The Nats and Astros played a weird one in Houston on Wednesday night. The 'stros got out to a 4-0 lead in the fourth, thanks most impressively to a pair of back-to-back sky-touching blasts by José Abreu and Yainer Diaz. The Nats scored one run off Framber Valdez and then rallied in the ninth with a combination of errors and clutch hits. Their reprieve was brief, however. With the score 4-4 in the bottom half of the inning, the defending champs led off with two singles. A strikeout and a walk loaded the bases with one out. And then on a grounder hit by Jake Meyers, the Nats got the force out at the plate but lost the game on a blow to the baserunner's medulla oblongata. Catcher Keibert Ruiz attempted to throw the runner out at first, but the ball bounced off Meyers's helmet, allowing the winning run to score from second.
Here's the better angle:
The fact that Meyers touched grass on this race to first incensed Nationals manager Davey Martinez, who argued the call on the field to no avail. While Meyers could have been declared out for escaping the basepath and interfering with the throw, the ump had the final word and decided he was unbothered by Meyers's route.

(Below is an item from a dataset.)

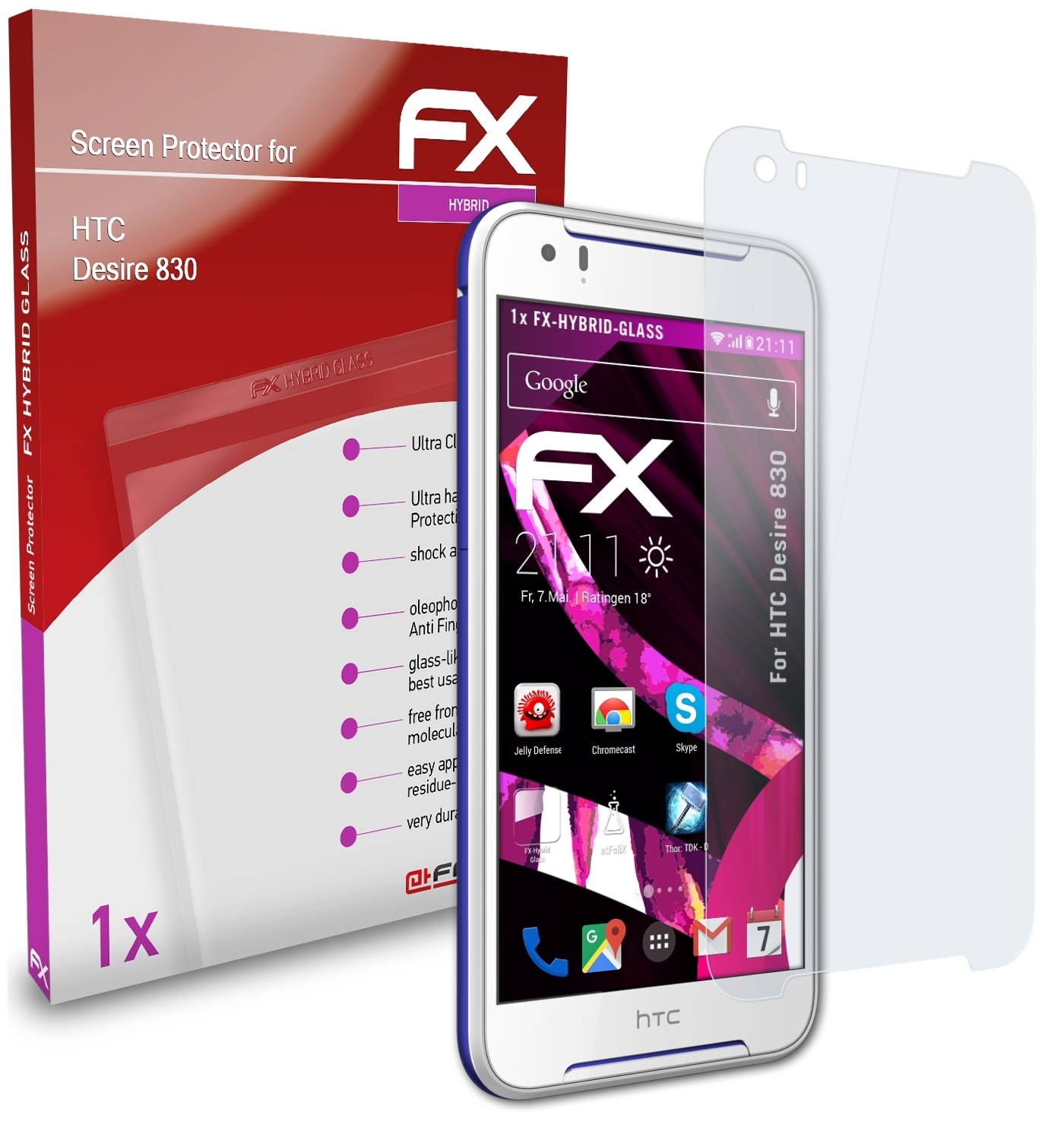 ATFOLIX FX-Hybrid-Glass Schutzglas(für HTC 830) Desire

Martinez didn't take defeat in stride. In the relatively short amount of time between the walk-off and the postgame press conference, either Martinez himself or someone employed by the Nationals found the most egregious-looking frame of Meyers's run and printed it out. Printed it! Clubhouses still have printers! Even the visiting ones, apparently. And so Martinez used the print as a surprise prop in his argument against the outcome of the game and for the ability to change these calls through replay.

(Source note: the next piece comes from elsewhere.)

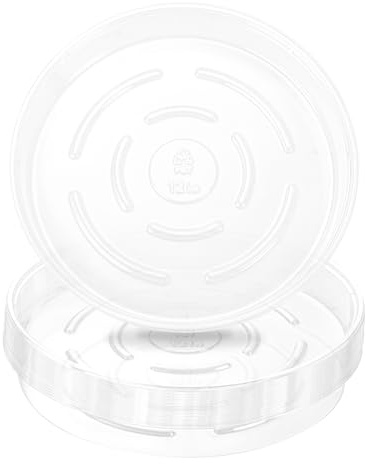 Plant Saucer 30 Pack Plant Trays for Pots 12 Inch Plastic Plant Saucers for Outdoors and Indoors Clear Drip Trays for Potted Plants Flower Pot Plates to Catch Water Plant Drainage Dishes No Holes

"There it is right there," he said. "Take a look at it. Is that on the line? I don't think so. I'm over this play. Seriously. They need to fix the rule. If this is what the umpire sees, that he's running down the line? I'm tired of it. I'm tired of it. Fix it! We lost the game, and he had nothing to say about it, because he can't make the right call. Brutal! Brutal."
It's a stressful time to be in the Nats dugout, saddled with management uninterested in winning and a roster lacking any kind of star. Washington's taken a win in just one of their last nine games to drop down to 26-40 in what looks to be their fourth straight year of irrelevance since winning the World Series.
The Astros, meanwhile, are a pretty chill 39-29. Their own manager, Dusty Baker, sure had nothing to complain about in his own meeting with reporters.
"That's always a questionable call," he said. "Nobody really has the vantage point very good except really the home plate umpire, and he said it was nothing."
Baker then, I'm told, held up a piece of paper with a little doodle of Homer Simpson on it.